A medida surge em um cenário onde o engasgo representa uma preocupação significativa no estado. Dados do CBMPR revelam que, entre janeiro e outubro deste ano, foram registradas 1.223 ocorrências de engasgo em todo o Paraná. Os extremos de idade concentram a maioria dos casos: crianças de até 1 ano somaram 442 ocorrências (36%), enquanto as de 1 a 4 anos responderam por 272 registros (22%). Idosos com 70 anos ou mais totalizaram 200 ocorrências (16%), reforçando a necessidade de atenção redobrada de pais, cuidadores e familiares.
Por Que os Extremos de Idade São Mais Vulneráveis?
No caso das crianças, a vulnerabilidade se deve às vias aéreas ainda pequenas e à falta de habilidade plena para mastigar e engolir. Já entre os idosos, o processo natural de envelhecimento causa o enfraquecimento dos músculos da deglutição e a diminuição da saliva, fatores que dificultam a mastigação e podem levar a obstruções, mesmo com alimentos macios.
A capitã Luisiana Guimarães Cavalca, porta-voz do CBMPR, enfatiza a importância das medidas preventivas: “Para crianças e idosos, é crucial cortar os alimentos em pedaços pequenos. Crianças não devem se alimentar sem supervisão ou enquanto estiverem brincando ou se movimentando”. Para bebês, ela recomenda manter a cabeceira do berço levemente elevada para reduzir o risco de refluxo e engasgo.
Novas Diretrizes e a Importância da Ação Imediata
As alterações nos protocolos de desengasgo refletem estudos recentes da AHA sobre a efetividade das técnicas. “Eles verificaram que a alternância entre as batidas nas costas e as compressões abdominais aumenta as chances de desobstruir as vias aéreas”, explica a capitã Cavalca.
Ela salienta que qualquer pessoa pode e deve realizar as manobras, mesmo sem formação técnica. “Muitos pais chegam ao quartel com a criança engasgada, mas é importante saber que o atendimento pode e deve começar em casa. O deslocamento até o bombeiro é um tempo precioso em que a vítima pode estar sem respirar.

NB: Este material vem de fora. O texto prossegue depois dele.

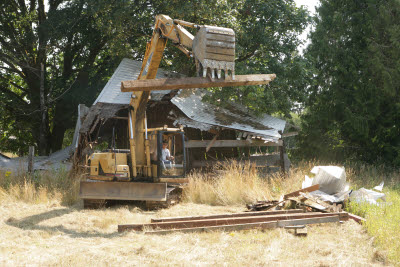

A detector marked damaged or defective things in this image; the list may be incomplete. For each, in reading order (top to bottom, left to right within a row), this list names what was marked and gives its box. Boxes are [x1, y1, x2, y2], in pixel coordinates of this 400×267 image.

broken roof beam [120, 74, 276, 92]
rusty steel beam [120, 74, 276, 92]
rusty steel beam [117, 213, 348, 233]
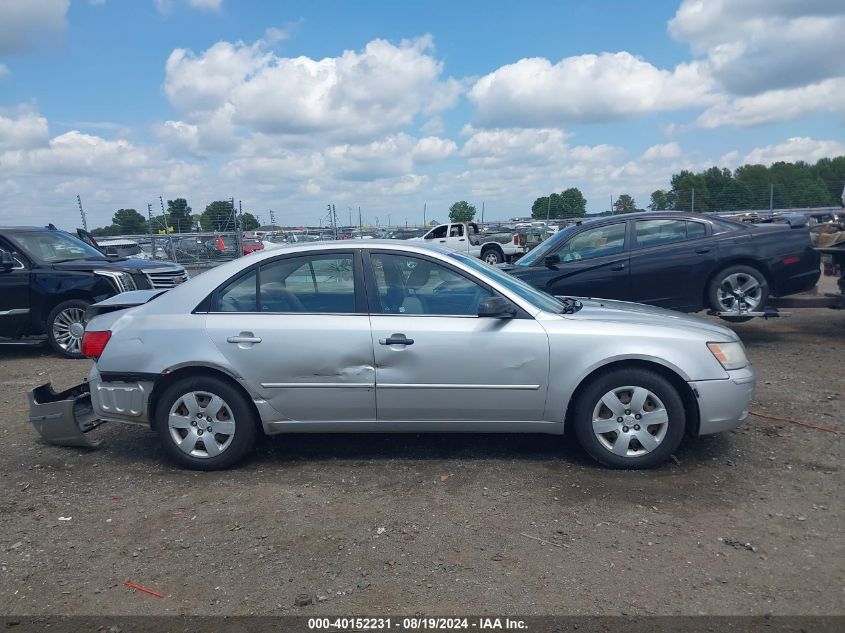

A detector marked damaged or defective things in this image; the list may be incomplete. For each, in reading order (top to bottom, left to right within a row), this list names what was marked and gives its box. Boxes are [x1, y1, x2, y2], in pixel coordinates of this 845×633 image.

damaged rear bumper [28, 382, 105, 446]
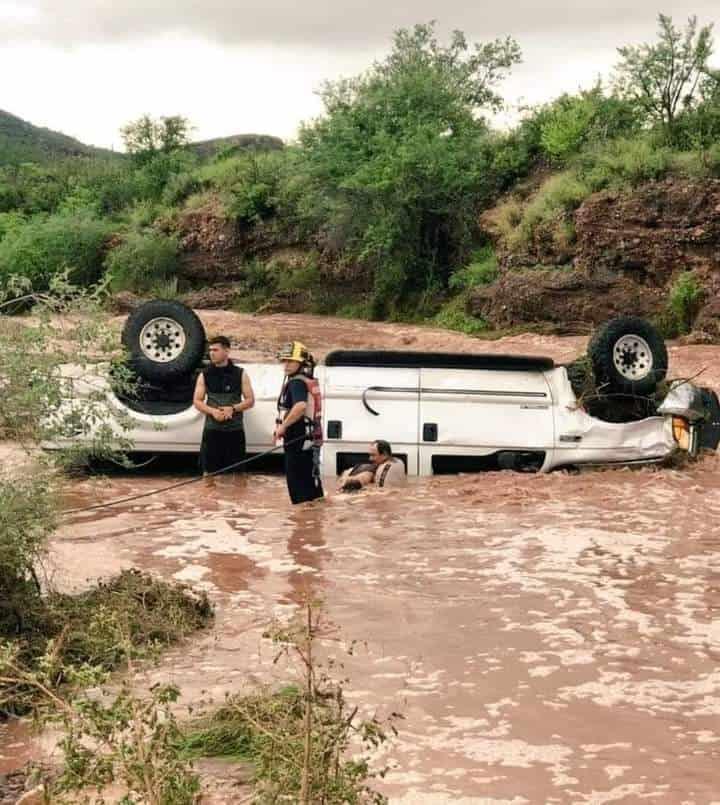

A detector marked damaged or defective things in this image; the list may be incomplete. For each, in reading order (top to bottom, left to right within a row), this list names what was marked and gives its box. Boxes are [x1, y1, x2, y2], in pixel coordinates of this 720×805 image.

overturned white truck [45, 298, 720, 474]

Aprender as manobras básicas e agir de imediato faz toda a diferença”, afirma.
A oficial reforça, no entanto, que o socorro profissional deve ser acionado imediatamente pelos números 193 (Bombeiros) ou 192 (Samu), preferencialmente com a ligação em viva-voz para que o atendente possa orientar as manobras passo a passo. “É natural que o engasgo cause desespero, mas manter a calma e agir com rapidez salva vidas”, completa.
Com a mudança das diretrizes, o termo “manobra de Heimlich” foi substituído por “manobra de desengasgo”, considerado mais amplo e adequado às novas orientações.
Como Realizar a Manobra de Desengasgo:
Para adultos e crianças (conscientes):
- Posicione-se ao lado da pessoa.
- Aplique cinco golpes firmes nas costas, entre as escápulas, usando a base da palma da mão.
- Verifique se o objeto foi expelido. Caso contrário, siga para o próximo passo.
- Posicione-se atrás da pessoa. Realize cinco compressões abdominais:
- Posicione o punho fechado logo acima do umbigo.
- Segure o punho com a outra mão.
- Pressione para dentro e para cima, em movimento semelhante à letra “J”.
- Alterne o ciclo: repita a sequência de cinco golpes nas costas e cinco compressões abdominais até que as vias aéreas sejam liberadas ou enquanto a pessoa estiver consciente.
Para bebês (menores de 1 ano):
- Coloque o bebê de bruços sobre o antebraço, com a cabeça mais baixa que o corpo.
- Dê cinco golpes firmes nas costas, entre as escápulas, com a base da palma da mão.
- Vire o bebê de barriga para cima e aplique cinco compressões torácicas, usando a base da palma da mão, na linha entre os mamilos.
- Repita o ciclo de cinco golpes nas costas e cinco compressões torácicas até que o bebê chore, tussa ou volte a respirar.